* [PATCH] EDAC/versalnet: Report PFN and page offset for DDR errors
@ 2026-03-29 12:44 Shubhrajyoti Datta
2026-04-01 5:58 ` Prasanna Kumar T S M
0 siblings, 1 reply; 4+ messages in thread
From: Shubhrajyoti Datta @ 2026-03-29 12:44 UTC (permalink / raw)
To: linux-edac
Cc: git, shubhrajyoti.datta, Michal Simek, Borislav Petkov, Tony Luck,
linux-kernel
Currently, DDRMC correctable and uncorrectable error events are reported
to EDAC with page frame number (pfn) and offset set to zero.
This information is not useful to locate the address for memory errors.
Compute the physical address from the error information and extract
the page frame number and offset before calling edac_mc_handle_error().
This provides the actual memory location information to the userspace.
Signed-off-by: Shubhrajyoti Datta <shubhrajyoti.datta@amd.com>
---
drivers/edac/versalnet_edac.c | 18 +++++++++---------
1 file changed, 9 insertions(+), 9 deletions(-)

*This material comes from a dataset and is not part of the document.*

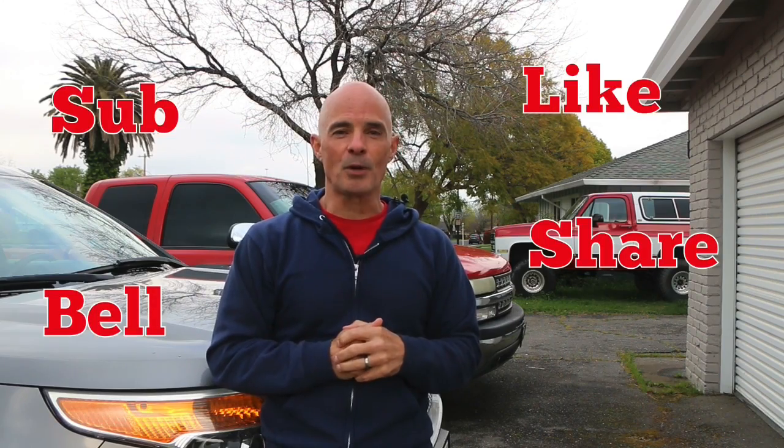I'm Richard Holdener, guys. Thanks for watching. Make sure to like, share, subscribe, ring the bell. Do all that stuff. I'll keep the videos coming.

diff --git a/drivers/edac/versalnet_edac.c b/drivers/edac/versalnet_edac.c
index 915bcd6166f7..66df090245be 100644
--- a/drivers/edac/versalnet_edac.c
+++ b/drivers/edac/versalnet_edac.c
@@ -431,8 +431,7 @@ static void handle_error(struct mc_priv *priv, struct ecc_status *stat,
{
union ecc_error_info pinf;
struct mem_ctl_info *mci;
- unsigned long pa;
- phys_addr_t pfn;
+ unsigned long pa, pfn;
int err;
if (WARN_ON_ONCE(ctl_num >= NUM_CONTROLLERS))
@@ -442,27 +441,28 @@ static void handle_error(struct mc_priv *priv, struct ecc_status *stat,
if (stat->error_type == MC5_ERR_TYPE_CE) {
pinf = stat->ceinfo[stat->channel];
+ pa = convert_to_physical(priv, pinf, ctl_num, error_data);
+ pfn = PHYS_PFN(pa);
snprintf(priv->message, sizeof(priv->message),
"Error type:%s Controller %d Addr at %lx\n",
- "CE", ctl_num, convert_to_physical(priv, pinf, ctl_num, error_data));
+ "CE", ctl_num, pa);
edac_mc_handle_error(HW_EVENT_ERR_CORRECTED, mci,
- 1, 0, 0, 0, 0, 0, -1,
+ 1, pfn, offset_in_page(pa), 0, 0, 0, -1,
priv->message, "");
}
if (stat->error_type == MC5_ERR_TYPE_UE) {
pinf = stat->ueinfo[stat->channel];
+ pa = convert_to_physical(priv, pinf, ctl_num, error_data);
+ pfn = PHYS_PFN(pa);
snprintf(priv->message, sizeof(priv->message),
"Error type:%s controller %d Addr at %lx\n",
- "UE", ctl_num, convert_to_physical(priv, pinf, ctl_num, error_data));
+ "UE", ctl_num, pa);
edac_mc_handle_error(HW_EVENT_ERR_UNCORRECTED, mci,
- 1, 0, 0, 0, 0, 0, -1,
+ 1, pfn, offset_in_page(pa), 0, 0, 0, -1,
priv->message, "");
- pa = convert_to_physical(priv, pinf, ctl_num, error_data);
- pfn = PHYS_PFN(pa);
-
if (IS_ENABLED(CONFIG_MEMORY_FAILURE)) {
err = memory_failure(pfn, MF_ACTION_REQUIRED);
if (err)
--
2.34.1
^ permalink raw reply related [flat|nested] 4+ messages in thread
* Re: [PATCH] EDAC/versalnet: Report PFN and page offset for DDR errors
2026-03-29 12:44 [PATCH] EDAC/versalnet: Report PFN and page offset for DDR errors Shubhrajyoti Datta
@ 2026-04-01 5:58 ` Prasanna Kumar T S M
2026-04-22 3:59 ` Srivatsa S. Bhat
0 siblings, 1 reply; 4+ messages in thread
From: Prasanna Kumar T S M @ 2026-04-01 5:58 UTC (permalink / raw)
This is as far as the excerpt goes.